Maricopa County Board of Supervisors chairman blasts latest subpoena over 2020 elections

PHOENIX (3TV/CBS 5) — There’s more drama between the head of the Maricopa County Board of Supervisors and a top state senator over the 2020 election investigation. Sen. Kelly Townsend, a Republican from Gilbert, claims the county is dragging its feet to release more information about the election, while board chairman Bill Gates said it would only take a phone call and discredits a study cited by Townsend.

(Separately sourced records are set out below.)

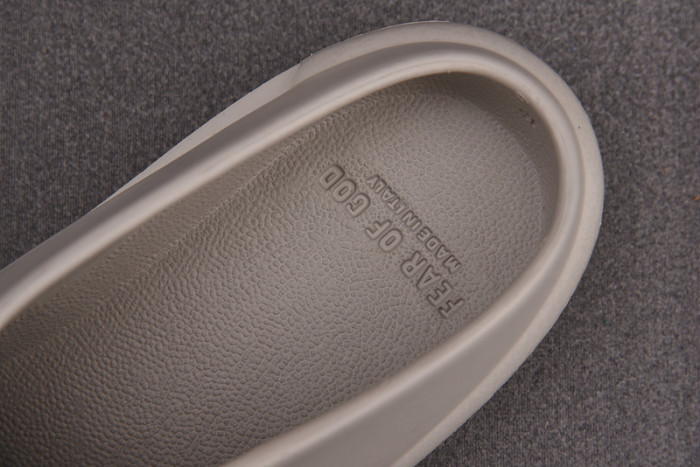 fear of god 7th the california fog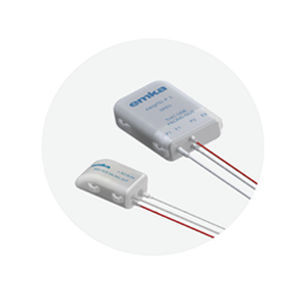 Telemetrisches Implantat / für die Tierforschung - easyTEL+ - emka TECHNOLOGIES - für Großtiere / für Aktivität / Druck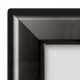 44mm Tamper Resistant Frames - Black 40 x 60 44mm Tamper Resistant Frames - Black 40 x 60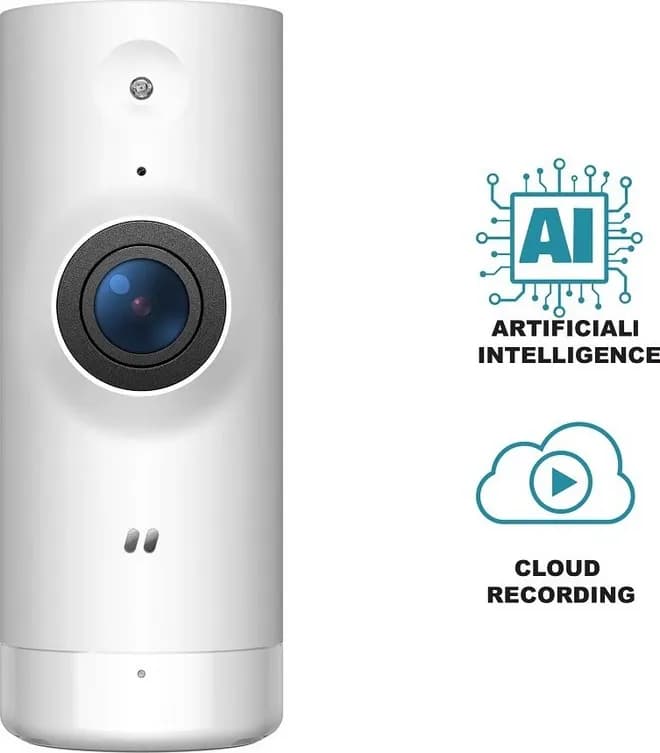 D-Link DCS-8000LHV2 CCTV Κάμερα Ασφαλείας Wi-Fi 1080p Full HD Νυκτός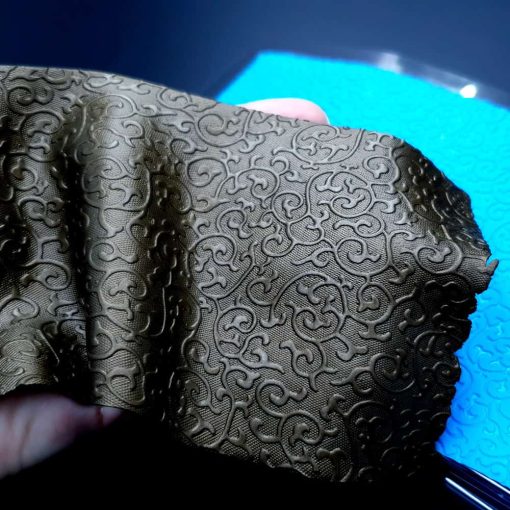 Floral - Silicone Texture, 135x95mm, Small #41128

Townsend filed a subpoena on Monday, saying she wants an explanation on why a request for records from the Arizona’s Attorney General’s Election Integrity Unit for “documents that would assist in the 2020 General election” investigation hasn’t been filled. The request was made on March 9. The subpoena wants to know when the Senate Government Committee will receive them, what items they will be and what items will be withheld. Townsend makes the accusation that the County Board of Supervisors is obstructing the investigation and, in the subpoena, wants to know why that is. She wants somebody from the board to explain things or release the information by Monday at 4 p.m.
In an emailed statement on Tuesday, Gates said Maricopa County has already given the committee more than 4,400 documents and five detailed PowerPoint slide decks to the attorney general’s office. He also said the Elections Department has answered “all the questions” from investigators and provided in-depth tours of the election facilities. Gates said the request is being processed and “records will be provided in a reasonable period of time.” Gates added that other board members will gather soon to talk about an “appropriate response” to the subpoena.
Townsend points to a report from Dr. Shiva Ayyadurai that said more than 204,000 early voting ballots in Maricopa County should have been reviewed for mismatched signatures, rather than just the 25,000 ballots that workers looked at. The study claims nearly 5,300 ballots should have been thrown out, compared to the 587 that were actually disallowed.
Gates called the work “discredited,” saying voter signatures and ballot envelopes are not public records and he, therefore, couldn’t accurately compare signatures. Ayyadurai went to other signatures on file at the Maricopa County Recorder’s Office for things like mortgages to compare signatures. “How is comparing signatures from one unrelated public recorded document to an early ballot envelope signature considered a viable way of proving identity for voting purposes?” Gates asked. “It’s not surprising this more recent report also uses faulty analysis to draw the conclusions Ayyadurai desires.”